9 comments

  • culi 5 minutes ago
    I don't understand how Obsidian, a collection of markdown files, isn't already AI friendly. It's hard for me to imagine a more AI-friendly but still usable way to organize your notes.
    • engomez 3 minutes ago
      What we did to go "beyond" is build in skills and an MCP server into the app, and auto-install those into e.g. Claude, Codex, and Cursor formats. Also added a web viewer so that e.g. Claude Desktop can open up the editor directly within it's embedded web viewer.
  • pcthrowaway 35 minutes ago
    Fully local, but can't integrate with any local LLM?

    I do think a fully OSS Obsidian-like that syncs natively is an impressive accomplishment, though the usefulness of this is limited with OSX being the only supported platform. If an Android app is in the works I'll definitely follow the project!

    • engomez 22 minutes ago
      Got it. MCP Server and CLI is agent-agnostic, so should work with local models/harnesses, but we'll look into more explicit docs around this.

      What IDE or harness do you use? We'll take a look.

      • pcthrowaway 14 minutes ago
        Personally I just want to see more support for local LLMs. I haven't been doing much coding lately but am interested in setting up Qwen 3.6 if I can obtain the hardware
        • engomez 5 minutes ago
          Agree same. We'll look into explicit guides and integrations with Zed // OpenCode as a starting point, they let you choose your model.
  • vitorbaptistaa 15 minutes ago
    Congratulations on the launch. It looks neat!

    On a side note, I find it interesting that a few recent projects are going for the Open Knowledge name. The Open Knowledge Foundation (https://okfn.org) is one of the first/largest proponents of the open data movement (think of it as a Free Software Foundation but for data, not software). They started in 2004 and developed many of the open data licenses and widely used infrastructure tools like CKAN (an open data portal platform).

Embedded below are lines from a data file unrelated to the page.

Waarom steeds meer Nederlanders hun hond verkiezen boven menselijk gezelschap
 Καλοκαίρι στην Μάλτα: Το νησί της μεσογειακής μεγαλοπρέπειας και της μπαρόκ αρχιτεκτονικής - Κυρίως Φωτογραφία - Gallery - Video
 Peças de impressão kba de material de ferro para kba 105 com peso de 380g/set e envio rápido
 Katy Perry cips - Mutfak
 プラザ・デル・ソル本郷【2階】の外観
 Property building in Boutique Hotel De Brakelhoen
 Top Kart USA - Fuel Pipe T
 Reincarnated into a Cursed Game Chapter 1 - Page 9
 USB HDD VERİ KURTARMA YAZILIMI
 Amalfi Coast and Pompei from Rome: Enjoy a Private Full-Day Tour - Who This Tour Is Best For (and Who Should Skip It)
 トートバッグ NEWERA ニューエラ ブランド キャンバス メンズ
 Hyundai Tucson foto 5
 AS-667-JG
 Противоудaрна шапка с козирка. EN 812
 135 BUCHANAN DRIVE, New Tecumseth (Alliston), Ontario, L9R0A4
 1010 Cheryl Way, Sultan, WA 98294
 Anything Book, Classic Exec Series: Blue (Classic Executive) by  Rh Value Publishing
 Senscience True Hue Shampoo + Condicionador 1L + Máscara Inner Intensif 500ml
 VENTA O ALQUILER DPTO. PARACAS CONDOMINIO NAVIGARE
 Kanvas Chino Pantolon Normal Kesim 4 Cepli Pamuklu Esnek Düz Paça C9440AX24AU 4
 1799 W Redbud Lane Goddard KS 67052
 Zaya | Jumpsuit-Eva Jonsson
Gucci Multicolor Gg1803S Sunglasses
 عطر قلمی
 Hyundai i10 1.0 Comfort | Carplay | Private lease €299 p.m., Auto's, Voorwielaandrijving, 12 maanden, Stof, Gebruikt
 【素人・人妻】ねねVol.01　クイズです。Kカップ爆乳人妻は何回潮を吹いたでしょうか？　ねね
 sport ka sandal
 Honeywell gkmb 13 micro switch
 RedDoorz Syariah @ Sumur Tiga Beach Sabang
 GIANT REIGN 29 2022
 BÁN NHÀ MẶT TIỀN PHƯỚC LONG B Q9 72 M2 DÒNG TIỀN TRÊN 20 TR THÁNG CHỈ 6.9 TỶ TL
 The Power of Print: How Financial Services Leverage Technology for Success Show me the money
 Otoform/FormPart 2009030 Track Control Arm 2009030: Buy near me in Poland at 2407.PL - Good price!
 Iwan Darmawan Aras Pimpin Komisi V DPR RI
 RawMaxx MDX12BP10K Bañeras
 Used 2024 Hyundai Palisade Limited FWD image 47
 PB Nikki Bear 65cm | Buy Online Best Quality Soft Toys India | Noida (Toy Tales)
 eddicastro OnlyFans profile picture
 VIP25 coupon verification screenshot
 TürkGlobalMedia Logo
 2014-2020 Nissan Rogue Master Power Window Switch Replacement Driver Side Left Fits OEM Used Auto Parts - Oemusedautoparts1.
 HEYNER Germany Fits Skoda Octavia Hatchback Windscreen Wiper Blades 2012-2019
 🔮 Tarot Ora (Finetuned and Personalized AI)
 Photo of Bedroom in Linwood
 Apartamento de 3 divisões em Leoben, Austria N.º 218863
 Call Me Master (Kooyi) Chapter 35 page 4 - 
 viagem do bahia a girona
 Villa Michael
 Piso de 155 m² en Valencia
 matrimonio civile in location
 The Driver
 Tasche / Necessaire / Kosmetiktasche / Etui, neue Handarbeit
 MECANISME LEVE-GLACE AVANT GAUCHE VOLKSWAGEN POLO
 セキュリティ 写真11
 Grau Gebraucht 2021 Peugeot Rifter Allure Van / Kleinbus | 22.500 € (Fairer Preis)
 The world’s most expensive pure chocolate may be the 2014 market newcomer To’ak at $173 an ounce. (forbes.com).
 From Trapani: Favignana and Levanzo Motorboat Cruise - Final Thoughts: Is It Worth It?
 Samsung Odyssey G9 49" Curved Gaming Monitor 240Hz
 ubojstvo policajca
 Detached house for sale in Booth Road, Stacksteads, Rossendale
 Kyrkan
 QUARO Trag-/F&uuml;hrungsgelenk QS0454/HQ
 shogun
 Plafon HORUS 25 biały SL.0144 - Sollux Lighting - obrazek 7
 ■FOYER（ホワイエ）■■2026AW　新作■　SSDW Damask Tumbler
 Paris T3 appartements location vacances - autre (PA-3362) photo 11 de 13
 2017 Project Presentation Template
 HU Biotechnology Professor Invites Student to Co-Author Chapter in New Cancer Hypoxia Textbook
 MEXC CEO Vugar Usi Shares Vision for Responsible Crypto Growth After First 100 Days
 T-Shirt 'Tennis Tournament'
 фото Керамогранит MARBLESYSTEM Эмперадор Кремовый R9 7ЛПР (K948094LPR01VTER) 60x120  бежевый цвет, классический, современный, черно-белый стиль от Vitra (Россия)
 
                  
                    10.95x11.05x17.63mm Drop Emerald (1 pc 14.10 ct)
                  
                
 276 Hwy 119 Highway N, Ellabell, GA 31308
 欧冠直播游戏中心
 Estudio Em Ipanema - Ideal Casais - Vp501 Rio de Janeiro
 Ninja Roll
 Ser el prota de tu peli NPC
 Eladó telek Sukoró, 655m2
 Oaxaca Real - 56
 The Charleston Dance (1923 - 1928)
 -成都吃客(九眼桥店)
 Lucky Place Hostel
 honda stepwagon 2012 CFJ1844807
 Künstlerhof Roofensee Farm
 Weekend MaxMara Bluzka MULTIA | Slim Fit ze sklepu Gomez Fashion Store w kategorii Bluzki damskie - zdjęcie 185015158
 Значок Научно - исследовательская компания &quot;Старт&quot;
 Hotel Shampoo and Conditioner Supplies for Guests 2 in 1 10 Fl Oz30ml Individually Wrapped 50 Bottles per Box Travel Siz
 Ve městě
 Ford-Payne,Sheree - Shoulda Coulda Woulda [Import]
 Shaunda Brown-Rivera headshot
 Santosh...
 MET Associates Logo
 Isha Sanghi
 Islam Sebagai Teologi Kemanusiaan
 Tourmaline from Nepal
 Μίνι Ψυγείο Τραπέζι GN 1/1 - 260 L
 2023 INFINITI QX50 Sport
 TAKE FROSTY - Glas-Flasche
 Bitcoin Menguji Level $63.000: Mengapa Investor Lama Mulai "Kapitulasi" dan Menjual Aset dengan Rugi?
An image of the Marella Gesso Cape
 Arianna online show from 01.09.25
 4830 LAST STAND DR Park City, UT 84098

    Nothing to add, just found it interesting.

    Disclaimer: I worked there for a few years.

    • engomez 0 minutes ago
      Biased but great name of course haha.

      OKF timing was coincidence, we'd started I take it around the same time they'd started internally.

      What's good is that everything is pretty open formats/source and complimentary.

  • iamacyborg 23 minutes ago
    Is this following the Open Knowledge Format proposed by Google earlier this month or just a name collision?

    https://cloud.google.com/blog/products/data-analytics/how-th...

    • engomez 19 minutes ago
      Two bits:

      1. Name collison happenstance. We'd locked in the npm package and domains prior to their announcement.

      2. Our templates are Open Knowledge Format compliant and we have an explicit quickstart around making an OKF knowledge base. You can think of OKF as a format/standard for the content, and OpenKnowledge (our app) as an IDE/editor for any type of markdown based content.

  • montroser 27 minutes ago
    Sounds cool. How do agents know what else is going on in the doc? They have an embedded browser and they do like mutation observer type stuff? Or does the integration do polling?
    • engomez 15 minutes ago
      Right now you'd simply prompt it. Working on more direct integration. Turns out they don't make event based back and forth easy.
  • claudiacsf 4 hours ago
    I'm a sucker for pretty UIs. I already have a company-mandated knowledge base tool, Slite, can they be used together?
  • Natfan 44 minutes ago
    macos only? shame.
    • engomez 41 minutes ago
      CLI + Web viewer are available for Linux and Windows. We tested it and works pretty well.
    • beanjuiceII 38 minutes ago
      yea pass..
      • engomez 4 minutes ago
        are you linux or windows? if linux, which distro? Electron support for distros varies so input is appreciated.
  • devCassius 4 hours ago
    Is there a migration path from Obsidian or Notion? Switching costs are usually what keeps people locked in.
    • engomez 3 hours ago
      Since Obsidian is just markdown, you can just open an Obsidian vault with OpenKnowledge. We made it so that most Obsidian syntax is supported, like wikilinks.

      For Notion, we don't have a migration tool, but you can try the export to markdown approach.

      Recommend trying it to get a feel, and if are looking to migrate and facing friction let me know details.